Try it:
Word for word, restate the lines of the data below between those holding "JJ BOWLS | LED Neon Sign" and "2020s Modern Contemporary", inclusive; pictures do not belong in the copy.

Source material:
== Segment start ==

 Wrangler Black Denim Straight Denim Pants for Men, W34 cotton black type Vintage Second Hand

== Segment end ==
== Segment start ==

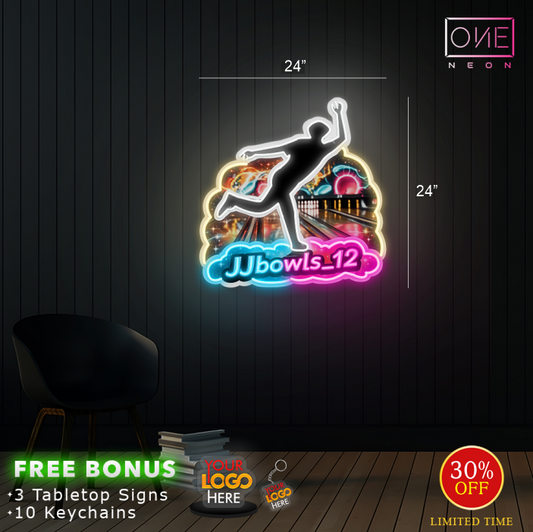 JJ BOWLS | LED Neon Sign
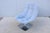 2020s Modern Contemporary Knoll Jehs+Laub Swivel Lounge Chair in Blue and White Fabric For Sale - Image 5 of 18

== Segment end ==

Task answer:
 JJ BOWLS | LED Neon Sign
 2020s Modern Contemporary Knoll Jehs+Laub Swivel Lounge Chair in Blue and White Fabric For Sale - Image 5 of 18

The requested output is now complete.